Mahmoud and Ehab are in the fourth stage now.

Dr. Evil has a hidden binary string of length n. He guarantees that there is at least one '0' symbol and at least one '1' symbol in it. Now he wants Mahmoud and Ehab to find a position of any '0' symbol and any '1' symbol. In order to do this, Mahmoud and Ehab can ask Dr. Evil up to 15 questions. They tell Dr. Evil some binary string of length n, and Dr. Evil tells the Hamming distance between these two strings. Hamming distance between 2 binary strings of the same length is the number of positions in which they have different symbols. You can find the definition of Hamming distance in the notes section below.

Help Mahmoud and Ehab find these two positions.

You will get Wrong Answer verdict if

  • Your queries doesn't satisfy interaction protocol described below.
  • You ask strictly more than 15 questions and your program terminated after exceeding queries limit. Please note, that you can do up to 15 ask queries and one answer query.
  • Your final answer is not correct.
You will get Idleness Limit Exceeded if you don't print anything or if you forget to flush the output, including for the final answer (more info about flushing output below).

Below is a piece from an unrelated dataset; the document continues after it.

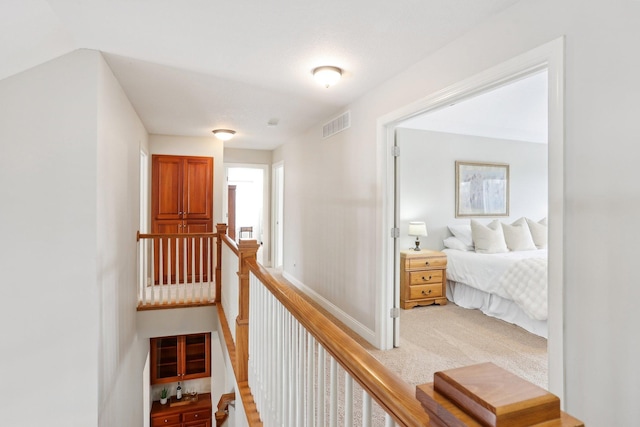 hallway featuring light colored carpet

If you exceed the maximum number of queries, You should terminate with 0, In this case you'll get Wrong Answer, If you don't terminate you may receive any verdict because you'll be reading from a closed stream .

Input

The first line of input will contain a single integer n (2 ≤ n ≤ 1000) — the length of the hidden binary string.

Output

To print the final answer, print "! pos0 pos1" (without quotes), where pos0 and pos1 are positions of some '0' and some '1' in the string (the string is 1-indexed). Don't forget to flush the output after printing the answer!

Interaction

To ask a question use the format "? s" (without quotes), where s is a query string. Don't forget to flush the output after printing a query!

After each query you can read a single integer from standard input — the Hamming distance between the hidden string and the query string.

To flush the output you can use:-

  • fflush(stdout) in C++;
  • System.out.flush() in Java;
  • stdout.flush() in Python;
  • flush(output) in Pascal;
  • See the documentation for other languages .

Hacking.

To hack someone just print one binary string with length up to 1000, containing at least one '0' and at least one '1'.

Example
Input
3
2
1
3
2
1
0
Output
? 000
? 001
? 010
? 011
? 100
? 101
! 2 1
Note

Hamming distance definition: https://en.wikipedia.org/wiki/Hamming_distance

In the first test case the hidden binary string is 101, The first query is 000, so the Hamming distance is 2. In the second query the hidden string is still 101 and query is 001, so the Hamming distance is 1.

After some queries you find that symbol at position 2 is '0' and symbol at position 1 is '1', so you print "! 2 1".